A RARE CAUSE OF MASSIVE LOWER GASTROINTESTINAL BLEEDING; JEJUNAL DIEULAFOY’S LESION
B. COLAK, H. ERDAL, M. ARHAN, M. IBİS, I. DOGAN, S. DUMLU, S. UNAL
Gazi University, School of Medicine, Ankara, TURKEY
For the first time was defined by Dieulafoy in 1898, more than three cases of massive gastric hemorrhage,which is caused in a dilated submucosal artery. Dieulafoy’s lesion, a rare cause of gastrointestinal bleeding is the submucosal arterial malformation. These lesions usually localized to the proximal of gastric lesser curvature, 6 cm away from the gastroesophageal junction in the stomach. However, the duodenum, jejunum and colon lesions have also been described. Dieulafoy’s lesion is rarely seen in the small intestine. No relation with peptic ulcer disease, sudden onset of bleeding, the opening to the mucosal surface of submucosal artery with no reduction in the calibration and does not respond to conservative treatment can be listed as characteristic features of this lesion. Epinephrine (adrenaline) injection, hemoclips, thermocoagulation, band ligation, laserphotocoagulation are defined methods in treatment. However, prospective randomized controlled trials do not revealed method which is better
Case: A twenty one-years old female patient with massive rectal bleeding was admitted to the emergency service. There was no history of drug use, alcohol consumption and smoking. Vital signs began to deteriorate after she applied the emergency service. The patient’s blood pressure was 70/40 mmHg and pulse rate was 130 beats/min. Hemoglobin level decreased from 12 g/dl to 7 g/dl during a few hours. Despite intensive blood transfusion, hemoglobin level continued to decrease to 2.9 g/dl. Hypoxia had developed and mechanical ventilatory support was needed. There was no pathological findings in the esophagogastroduodenoscopy. Superior and inferior mesenteric angiography was performed. The active extravasation of jejunal artery end branches was revealed in the early arterial phase. Active bleeding was found in the second jejunal end branches of SMA. These branches catheterized with micro-guide wire and embolized with 250 to 355 microns PVA (polyvinyl alcohol) particles. However no bleeding was shown with the control angiography, transfusion need was continued and she got worse clinically. She underwent emergency laparotomy. Enterotomy was performed in described lesion with angiography, approximately 40 cm distal to the ligament of Treitz. Lesion with arterial bleeding, protruding to the lumen with around the normal mucosa was observed with intra-operative endoscopy, in approximately 30 cm distal to the ligament of Treitz. Segmental resection was performed from 2.5 cm proximal to 2.5 cm distal the lesion. Blood transfusion need decreased. Significant improvement achieved in blood pressure and pulse. Patient was discharged with no post-operative complications. No symptom obtained follow-up period.

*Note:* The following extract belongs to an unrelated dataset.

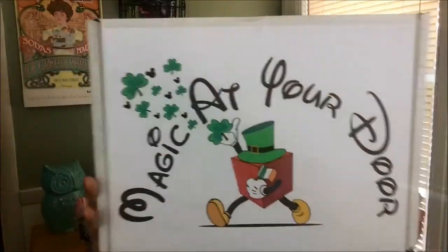Hi you guys and welcome back to my channel! Today I'll be doing a review for Magic at Your Door.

Early diagnosis and immediately therapeutic approach of life-threatening lower gastrointestinal bleeding with sudden clinical deterioration is very important. Dieulafoy’s lesion is seen 75-95% in the stomach, lesser curvature. For the first time in 1944, similar lesion was shown in proximal jejunum in patient presenting with massive lower gastrointestinal bleeding. Bleeding was temporarily stopped with angiographic embolization, but then continued again. Subsequent laparotomy and enterotomy-guided intraoperative endoscopy underlined the importance of a multidisciplinary approach in diagnosis.